◆ Problem requirements ◆
All of the data below is to be repeated exactly, except for the pictures.
━━━
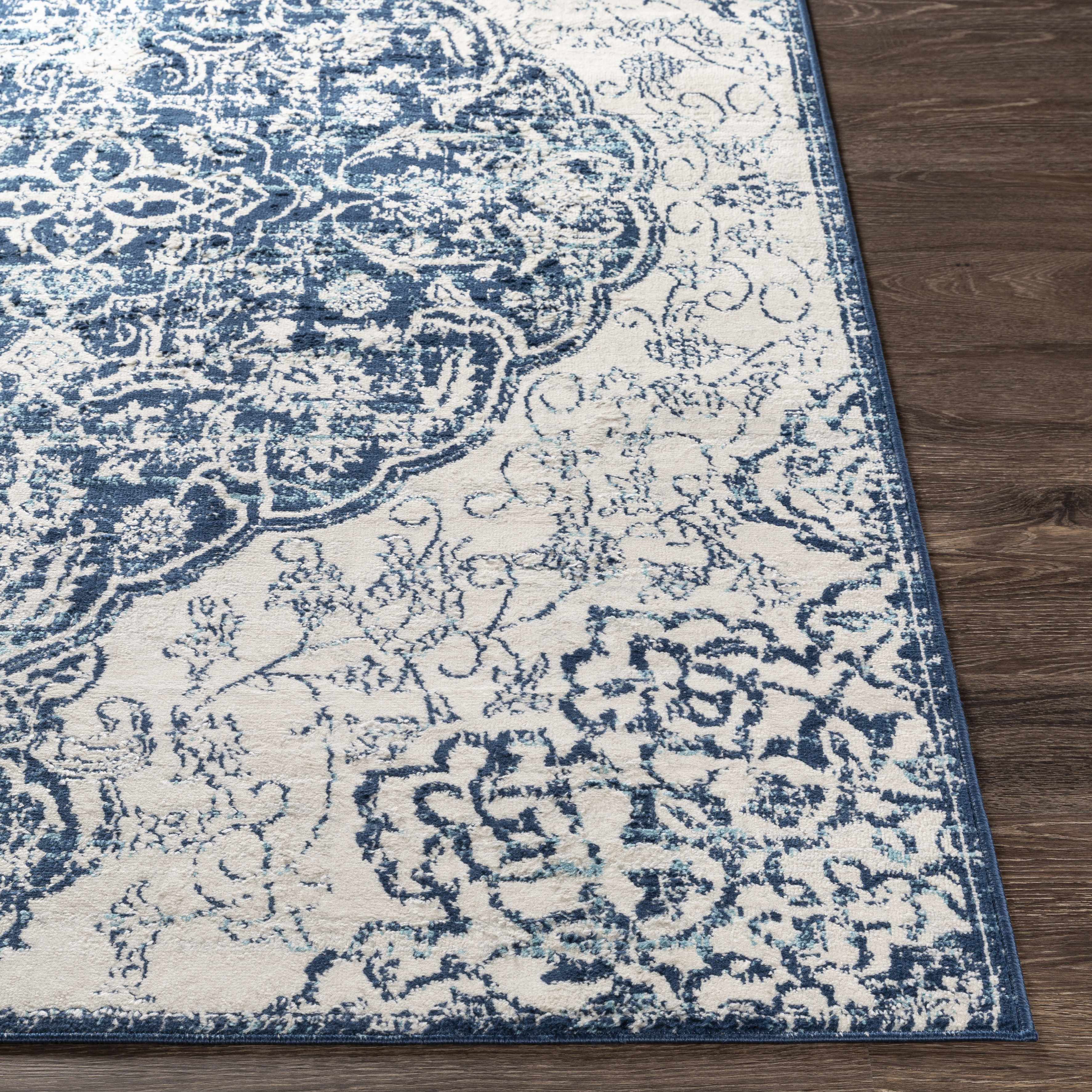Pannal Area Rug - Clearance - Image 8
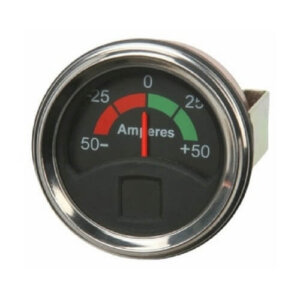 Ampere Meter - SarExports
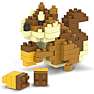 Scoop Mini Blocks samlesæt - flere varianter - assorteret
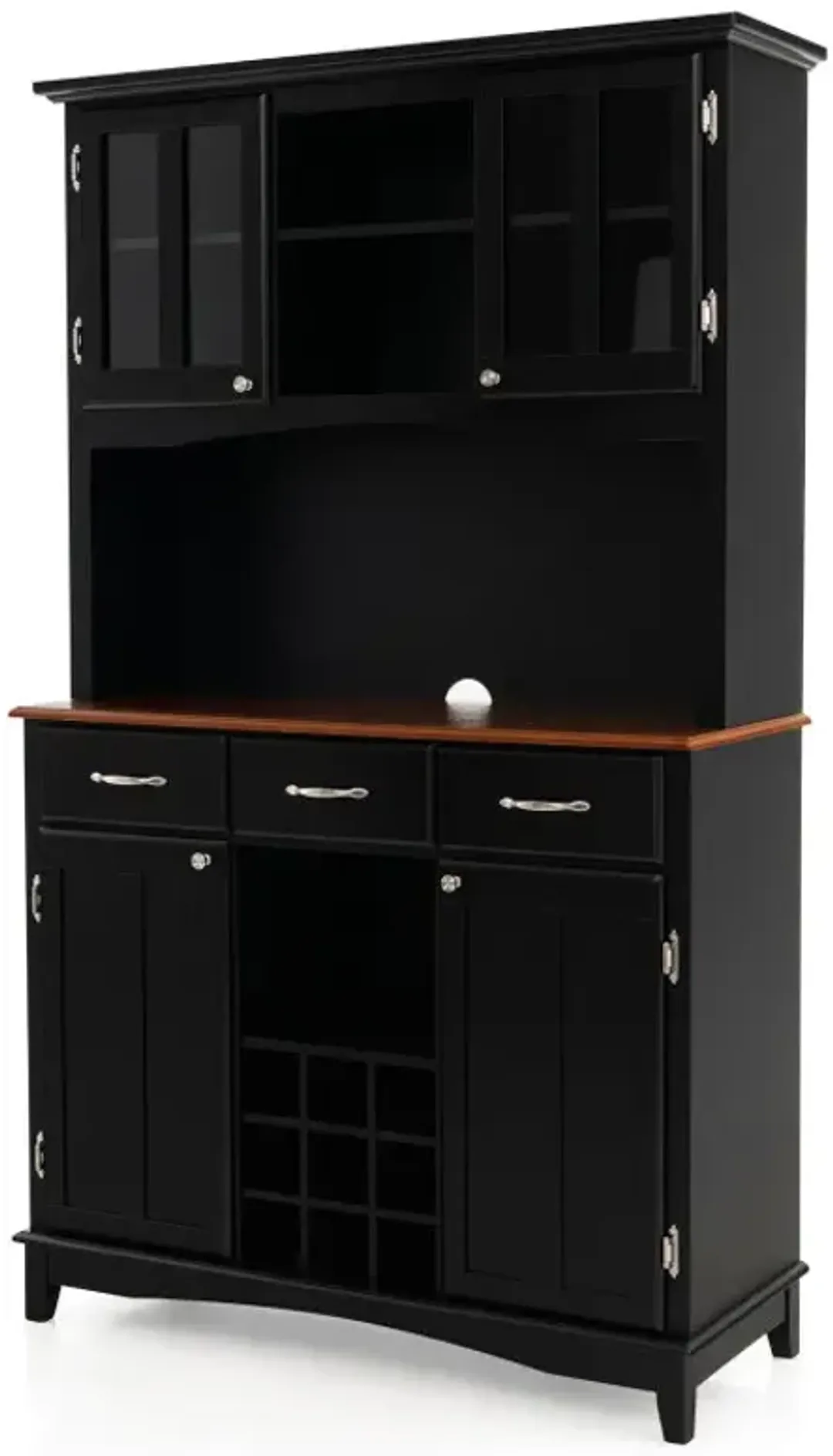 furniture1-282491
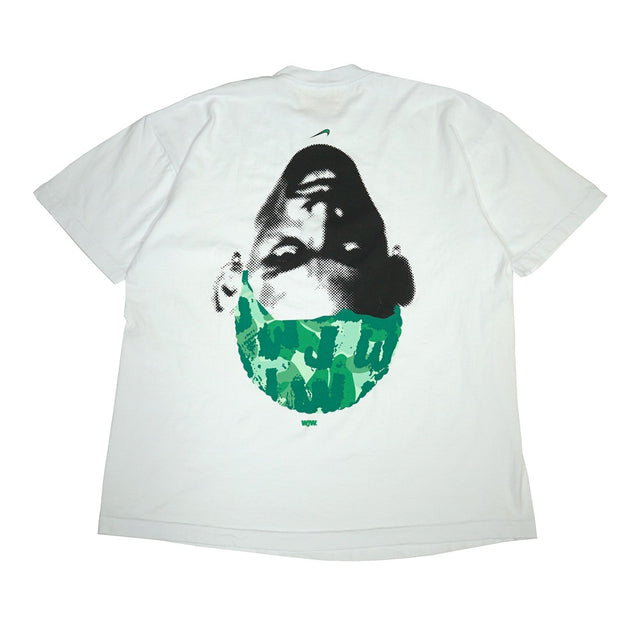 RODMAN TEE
━━━
◆ Reply ◆
Pannal Area Rug - Clearance - Image 8
 Ampere Meter - SarExports
 Scoop Mini Blocks samlesæt - flere varianter - assorteret
 furniture1-282491
 RODMAN TEE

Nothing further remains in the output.